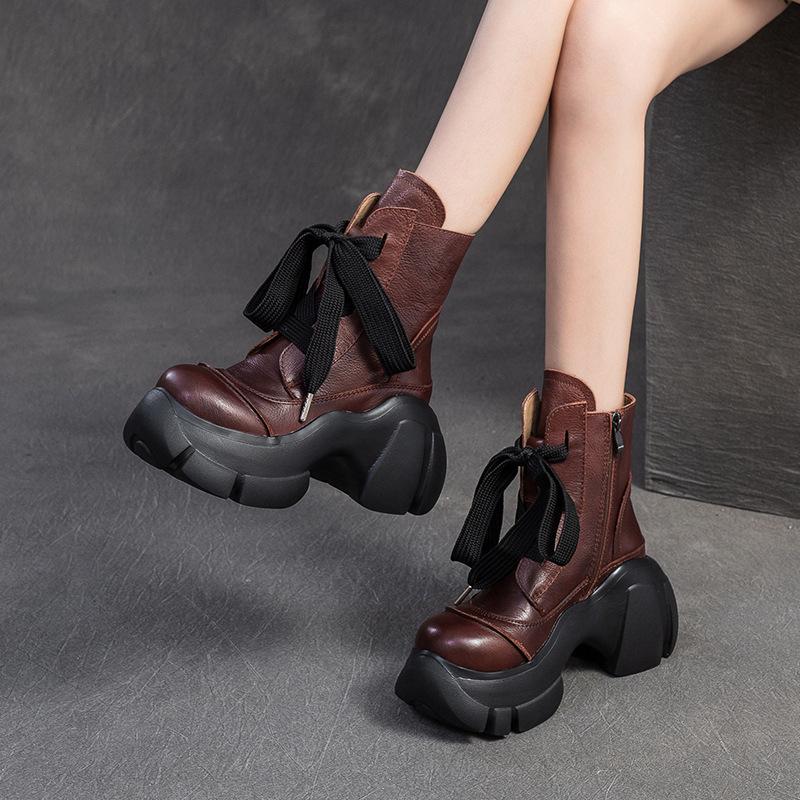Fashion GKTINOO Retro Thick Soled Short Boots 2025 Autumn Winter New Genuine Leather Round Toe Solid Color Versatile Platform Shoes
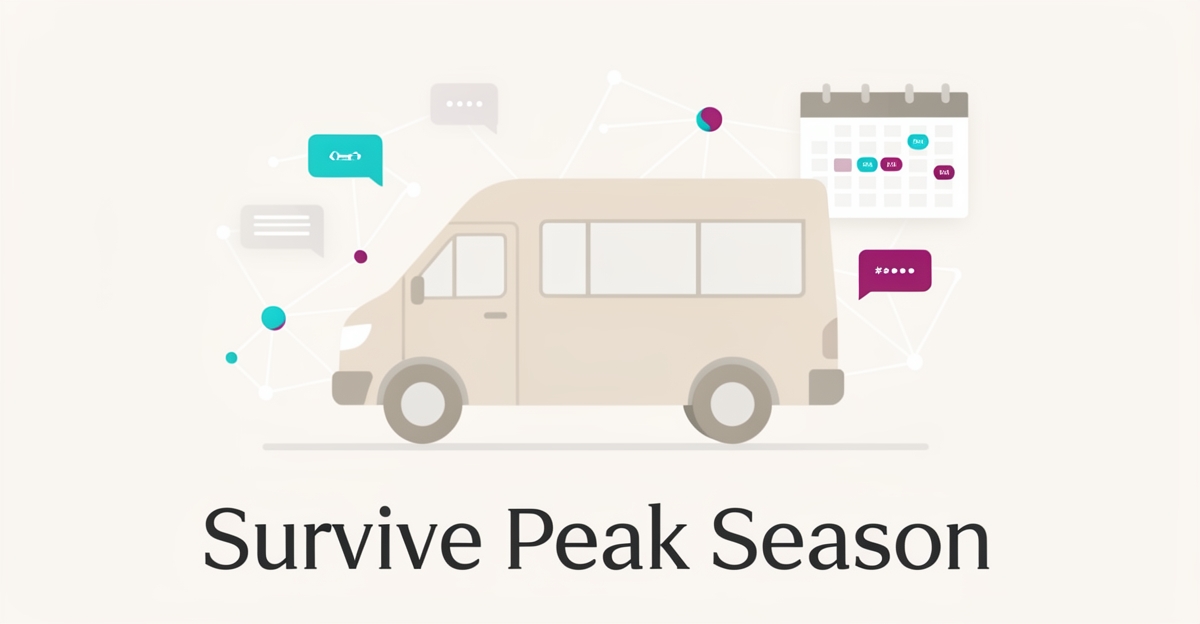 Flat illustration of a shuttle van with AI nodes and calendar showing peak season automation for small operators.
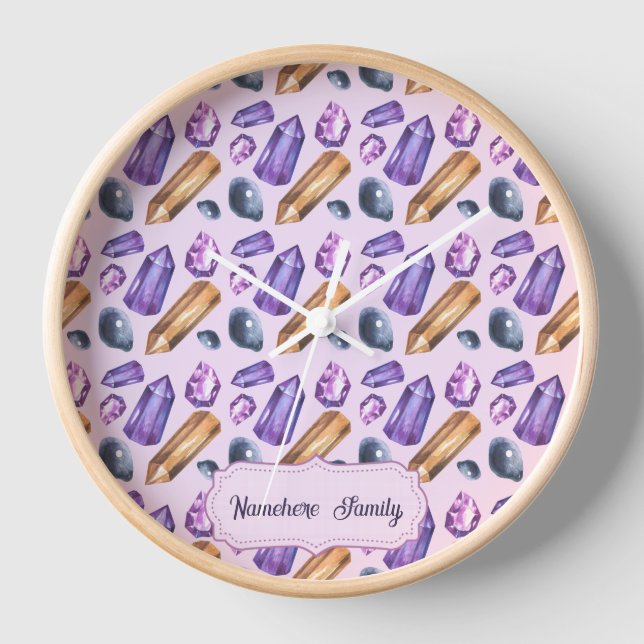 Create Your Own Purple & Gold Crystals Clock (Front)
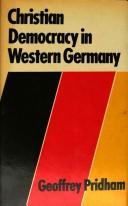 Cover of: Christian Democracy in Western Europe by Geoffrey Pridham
═══
TASK PROMPT: When you retype the material above, copy each line exactly and drop whatever images appear in it.

WRITTEN SOLUTION:
Fashion GKTINOO Retro Thick Soled Short Boots 2025 Autumn Winter New Genuine Leather Round Toe Solid Color Versatile Platform Shoes
 Flat illustration of a shuttle van with AI nodes and calendar showing peak season automation for small operators.
 Create Your Own Purple & Gold Crystals Clock (Front)
 Cover of: Christian Democracy in Western Europe by Geoffrey Pridham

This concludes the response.